Following last Wednesday's enthralling contest with Wicklow in Ardee, which ended in a draw, the Wee County's hopes of progression hang by a thread as they remain winless in their group.
Having put in a credible performance in the opening round loss to Dublin at Parnell Park, their aspirations of finishing in the top two, thus qualifying for a semi-final berth, relied upon disposing of the Garden County. But by conceding five goals and sacrificing a winning position late in the game, only to level at the death through Ryan Walsh, their fate is out of their own hands and a defeat tomorrow night would puncture their chances altogether.
Though fate could well be on their side. In 2011, the same year that Carlow defeated Louth at Portlaoise in the senior first round, the Wee County minors got over Meath - a feat they have failed to repeat in the seven years since, while, also in that campaign, they scored five goals in a match, with Laois having the leaky rear-guard. The Wee County had not reached that tally of majors in a match since then, prior to last week's goalfest.
But this challenge looks a lot more daunting considering Dublin - the competition favourites - who scored 3-15 against Louth in round one, albeit only pulling away in the final quarter, were defeated by the Royals in Navan on the same night of the 11-goal thriller in Ardee.
Consequently, Louth's Boyneside foes top the group, alongside Offaly, on four points and are in pole position to consolidate their group leadership credentials at the Gaelic Grounds.

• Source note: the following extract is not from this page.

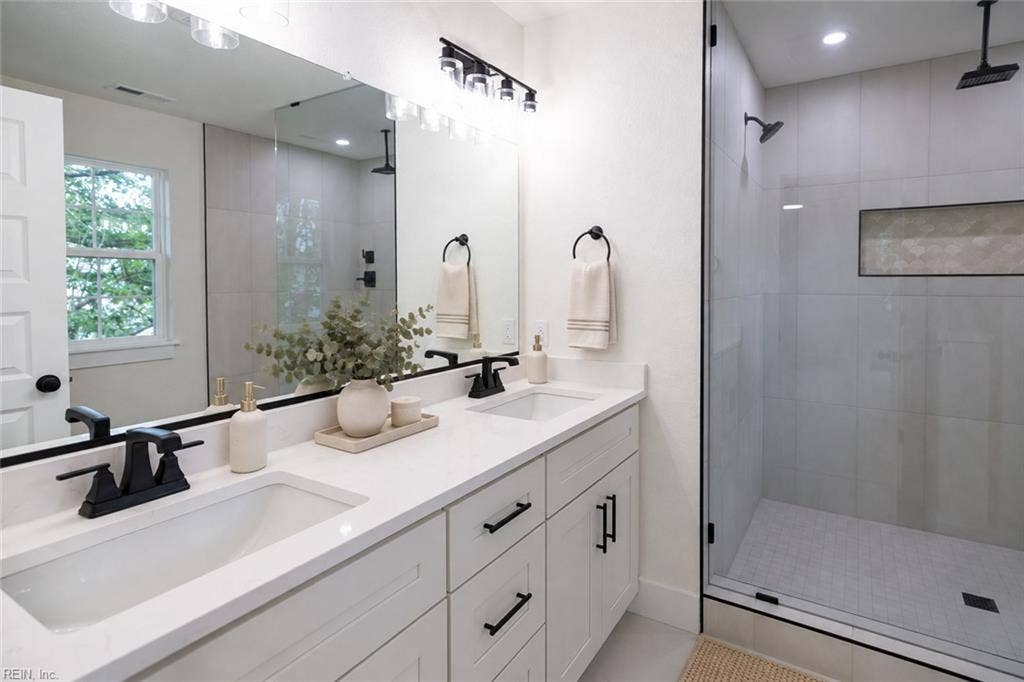 1017 Dam Neck Road, Virginia Beach, VA 23454 virtually staged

Meath's full-forward line contributed 1-9 of their 1-13 total against the Dubs, while they rattled Westmeath for 2-20 in their opener. On the other hand, Louth's defence has been the costliest in the championship having conceded 8-27 in just the two encounters.
Realistically, Malcolm McDonnell and Tom Rooney's side face the possibility of having to travel to Westmeath in round four with nothing to play for bar pride, before finishing their campaign in Offaly. The rather underwhelming prospect at that point would be entering the secondary provincial competition while the four top guns perform in the knockout proper.
If Louth are to have any prospect of avoiding the inevitable, in the form of the Shield matches, then victory is imperative in Drogheda. For this, they will need captain Dáire Nally producing as diligently as he did last week, while their general play around the field will need to improve.
It looks a big ask, though Louth can cling onto the 2011 omen in preparing themselves.